→ **Provided data**
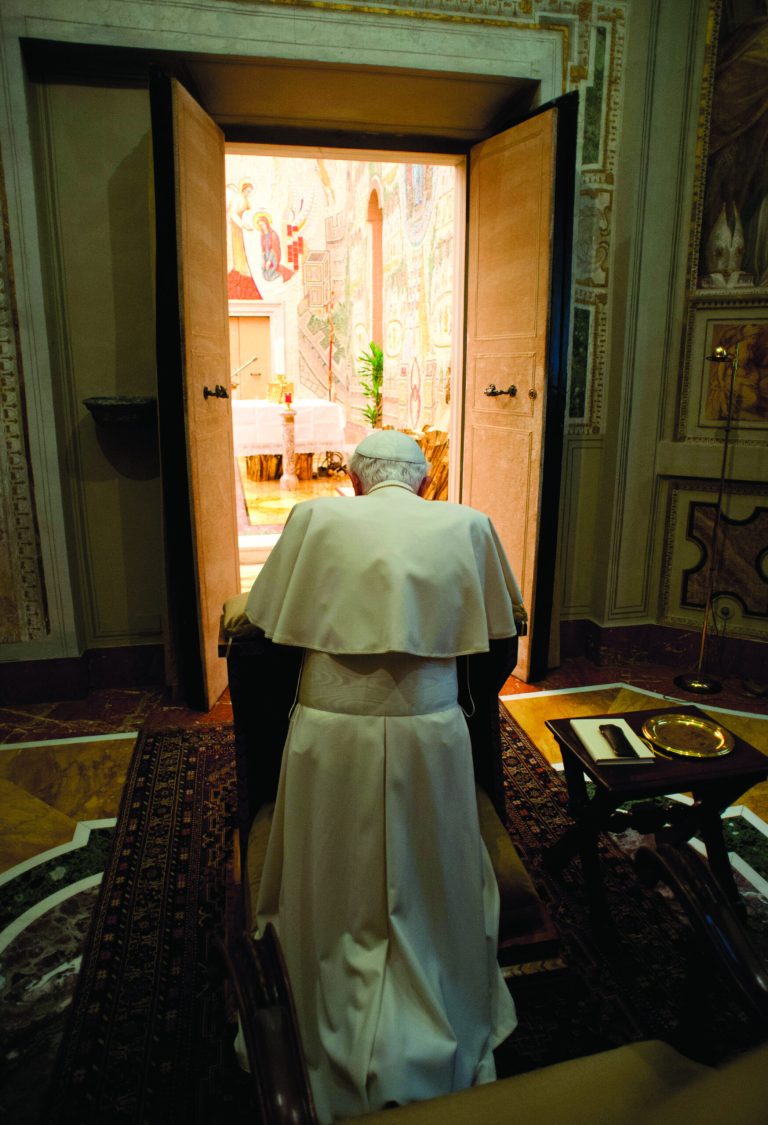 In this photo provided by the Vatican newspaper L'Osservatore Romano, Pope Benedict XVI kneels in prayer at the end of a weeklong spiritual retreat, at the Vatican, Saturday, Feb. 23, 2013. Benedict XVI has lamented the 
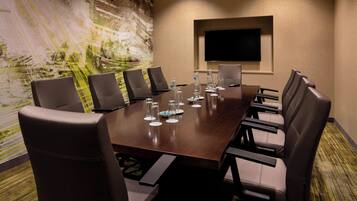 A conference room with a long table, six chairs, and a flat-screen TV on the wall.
...
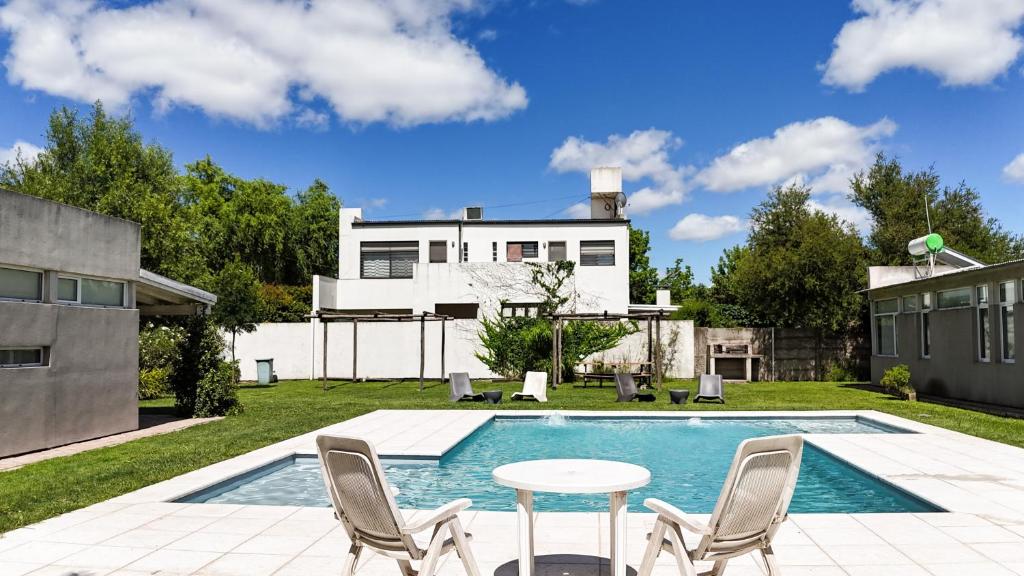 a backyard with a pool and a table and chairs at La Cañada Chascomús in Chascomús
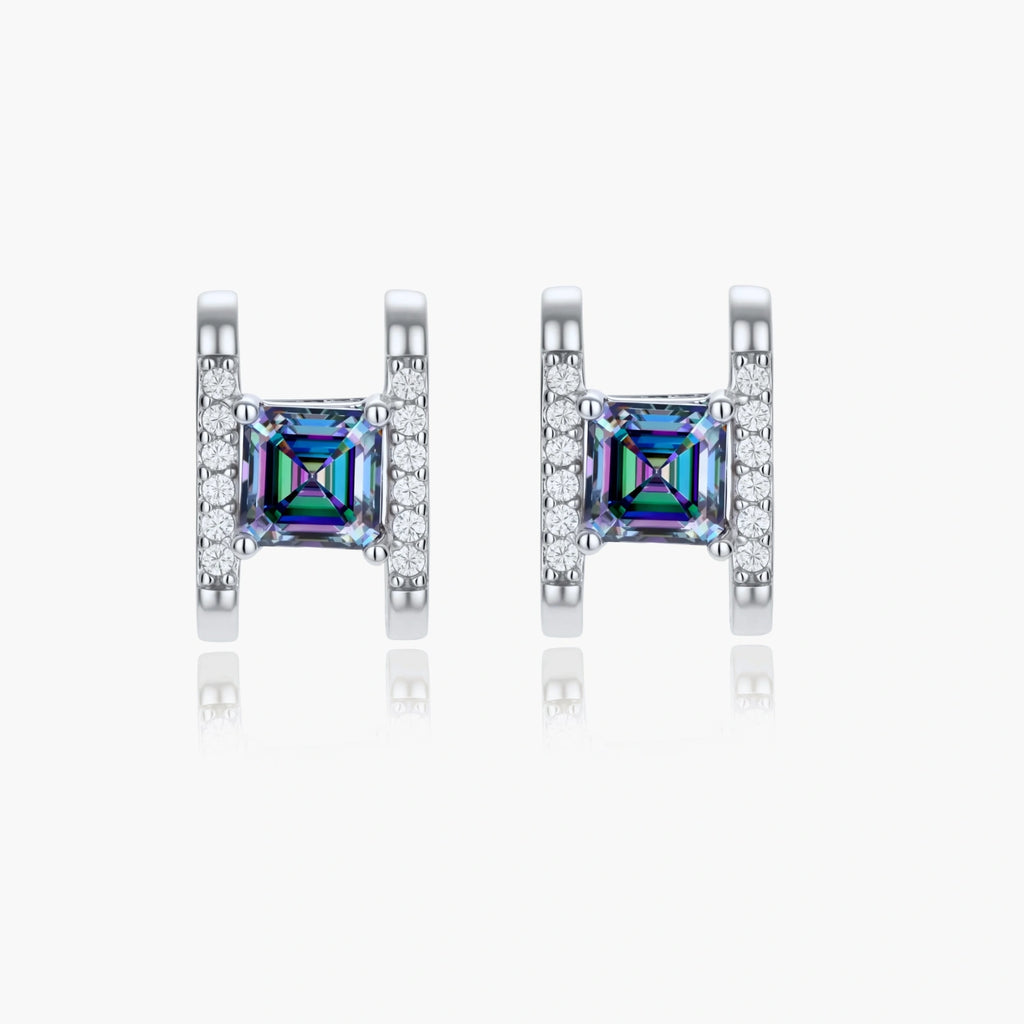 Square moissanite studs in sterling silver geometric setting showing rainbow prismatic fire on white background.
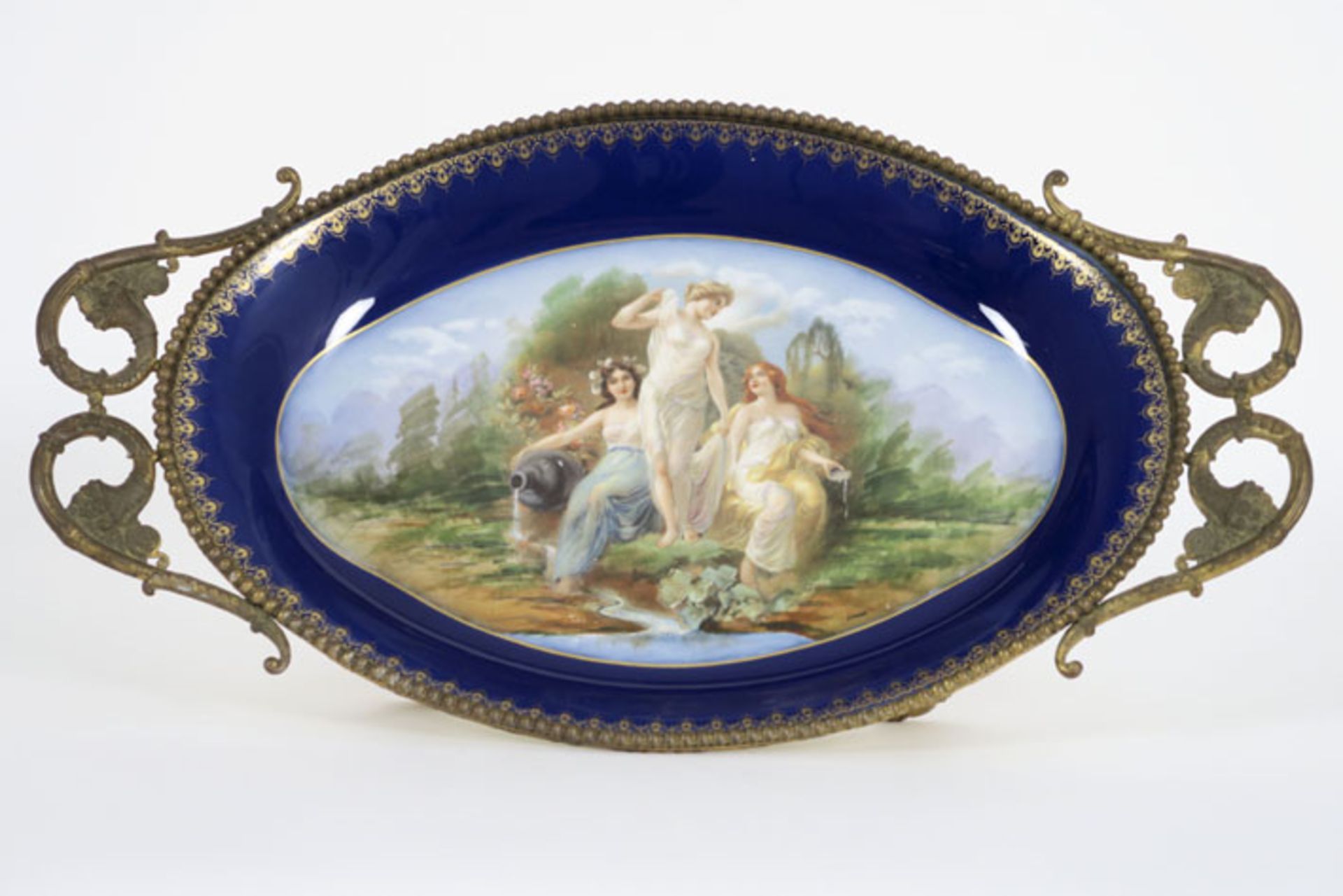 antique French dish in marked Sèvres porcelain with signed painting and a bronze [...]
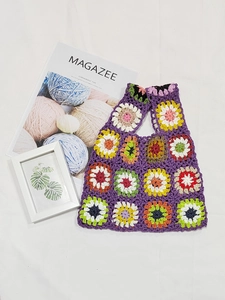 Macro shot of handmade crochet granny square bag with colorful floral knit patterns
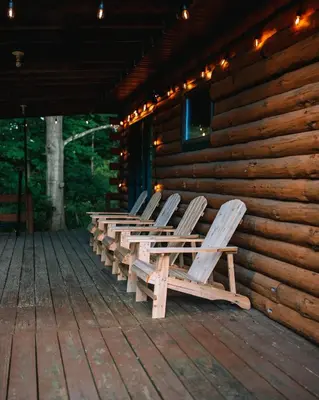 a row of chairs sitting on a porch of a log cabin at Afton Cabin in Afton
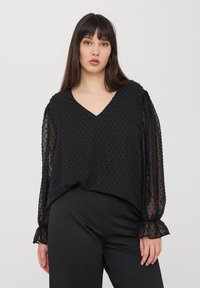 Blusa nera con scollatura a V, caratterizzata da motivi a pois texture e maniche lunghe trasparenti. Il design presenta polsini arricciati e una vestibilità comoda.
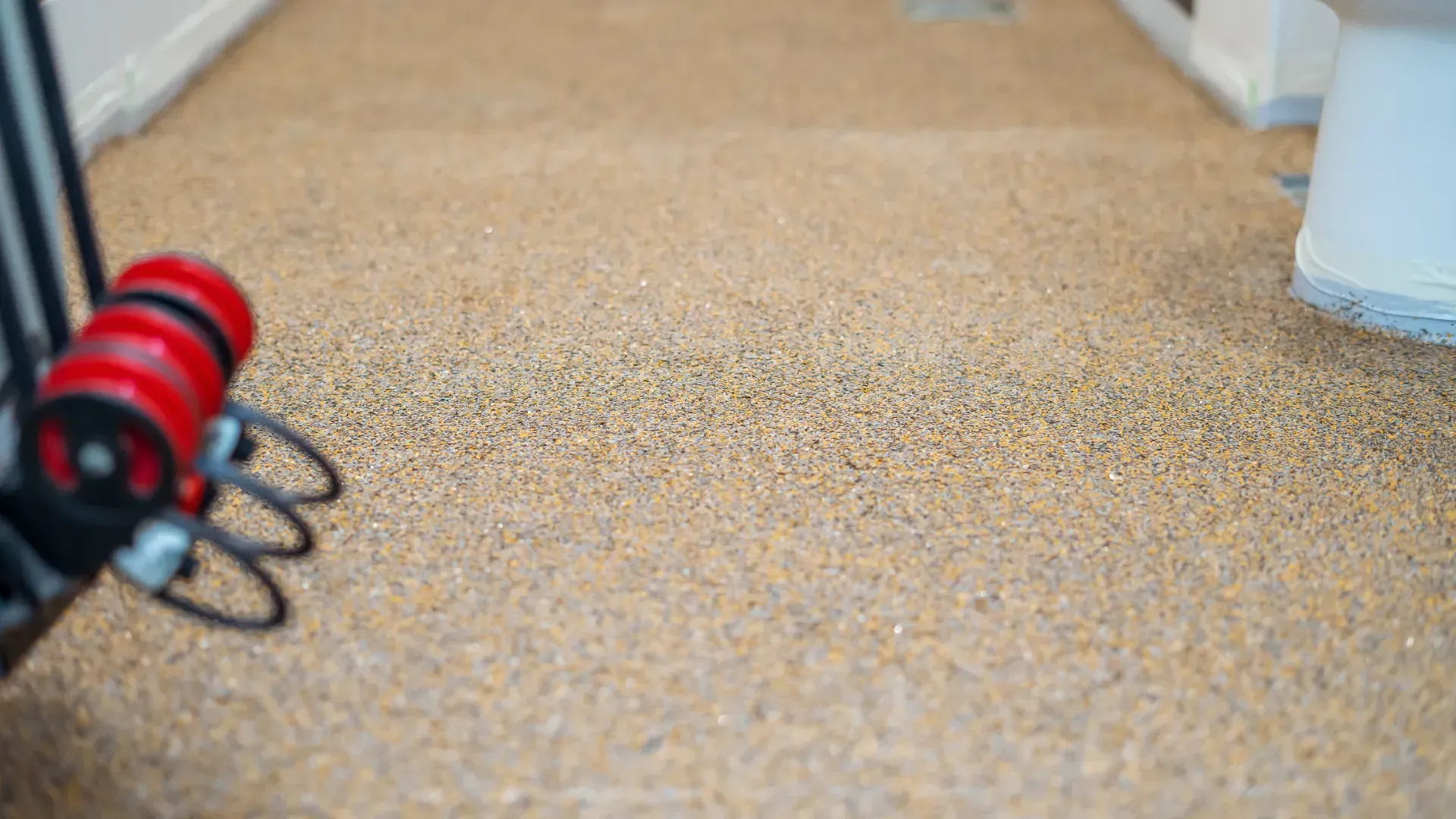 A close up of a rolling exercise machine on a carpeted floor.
---
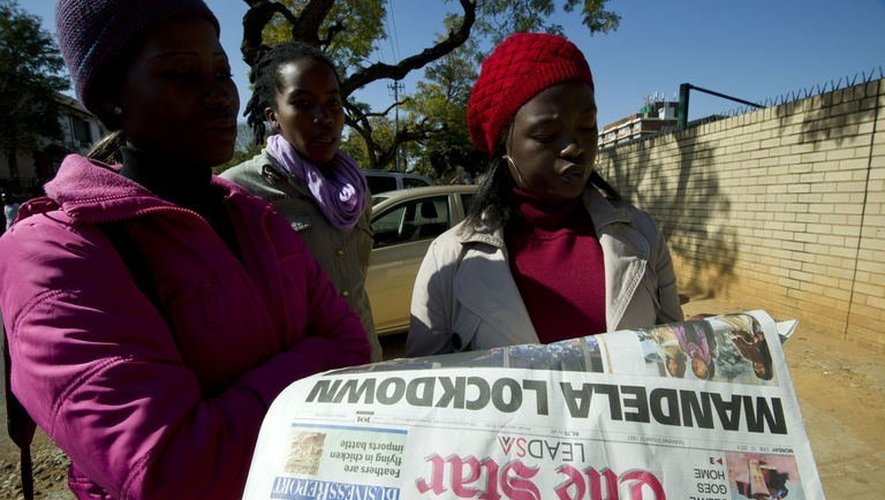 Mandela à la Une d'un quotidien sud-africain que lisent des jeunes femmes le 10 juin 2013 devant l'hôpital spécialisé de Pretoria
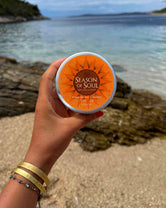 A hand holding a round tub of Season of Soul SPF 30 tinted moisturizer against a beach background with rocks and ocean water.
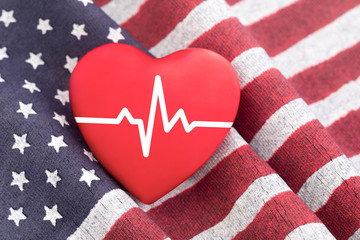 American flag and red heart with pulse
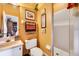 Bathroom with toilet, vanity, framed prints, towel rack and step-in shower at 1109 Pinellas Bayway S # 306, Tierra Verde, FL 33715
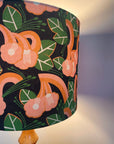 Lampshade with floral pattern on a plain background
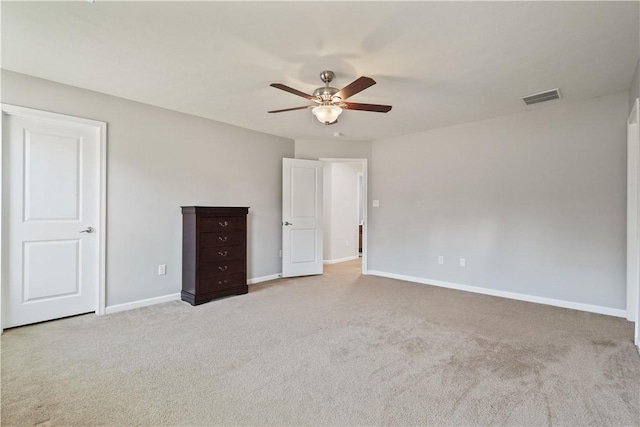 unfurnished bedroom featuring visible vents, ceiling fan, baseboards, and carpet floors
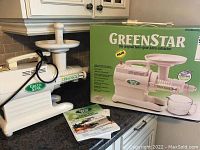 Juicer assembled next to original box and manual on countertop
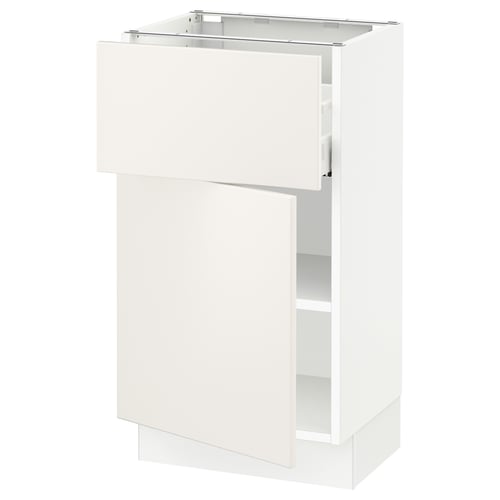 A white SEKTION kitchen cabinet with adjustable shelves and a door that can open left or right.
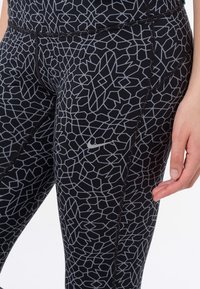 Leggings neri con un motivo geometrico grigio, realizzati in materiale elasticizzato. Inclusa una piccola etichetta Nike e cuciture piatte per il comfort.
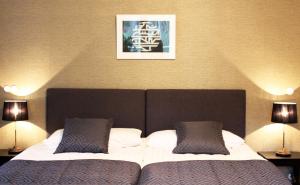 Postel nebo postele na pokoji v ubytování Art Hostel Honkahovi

→ **Your objective**
For the data above, set down exactly the lines from the line with "In this photo" to the line with "A conference room", both included, leaving pictures out.

→ **Your response**
 In this photo provided by the Vatican newspaper L'Osservatore Romano, Pope Benedict XVI kneels in prayer at the end of a weeklong spiritual retreat, at the Vatican, Saturday, Feb. 23, 2013. Benedict XVI has lamented the 
 A conference room with a long table, six chairs, and a flat-screen TV on the wall.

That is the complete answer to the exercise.